Abstract

Rutile and titanite commonly form by replacement of ilmenite in metamorphic rocks. Exhumed orthogneiss from the Western Alps show that titanite is mostly stable below 1 GPa while rutile seems to dominate within rocks recrystallized under higher pressures. We herein investigate phase relationships for four granitic compositions with variable CaO content at medium to high-pressure conditions (0.7–1.6 GPa, 450–650 °C) with a focus on ilmenite breakdown and Ti-bearing species formation. Our piston-cylinder experiments show that, in the investigated P-T range, ilmenite reacts during metamorphism above 1.2–1.4 GPa to form rutile.
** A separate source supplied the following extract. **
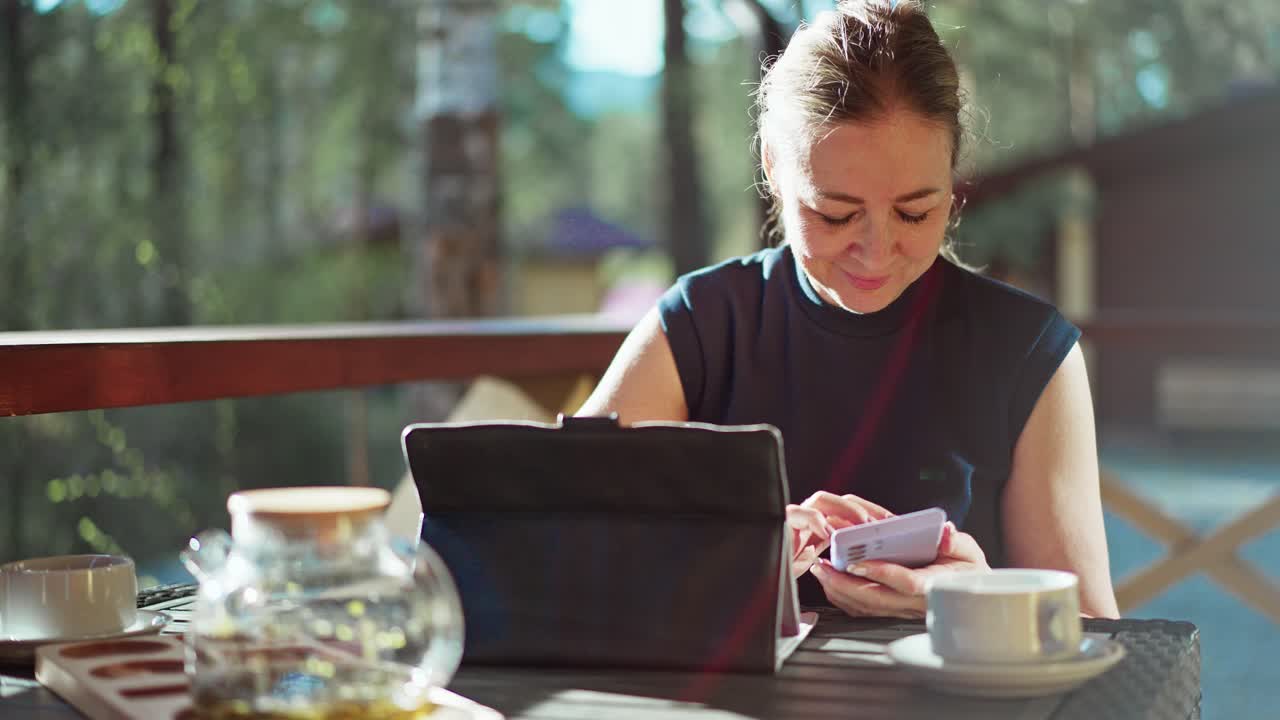 Woman working outdoors on tablet and phone at a cafe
Below this pressure, titanite is the dominant Ti-bearing species for most granitoid compositions. We also show that the position of this reaction curve is strongly influenced by the whole-rock Ca activity. For low-Ca activities, rutile may be stable down to 0.7 GPa (and below) within ilmenite pseudomorphs while the titanite stability field may extend to pressures >1.3 GPa for Ca-richer compositions. Both species may be stable in one single sample depending on the local Ca activity gradients. The finding of metamorphic rutile within metagranitoids with CaO contents >2 wt% can be considered, under certain conditions, as a reliable indicator of high-pressure metamorphism. This study also highlights the importance of improving our knowledge of the phase relationships between rutile and titanite as a function of P-T-X to better interpret the textural and tectonic history in natural samples as well as the meaning of age values yielded by rutile and titanite geochronometers.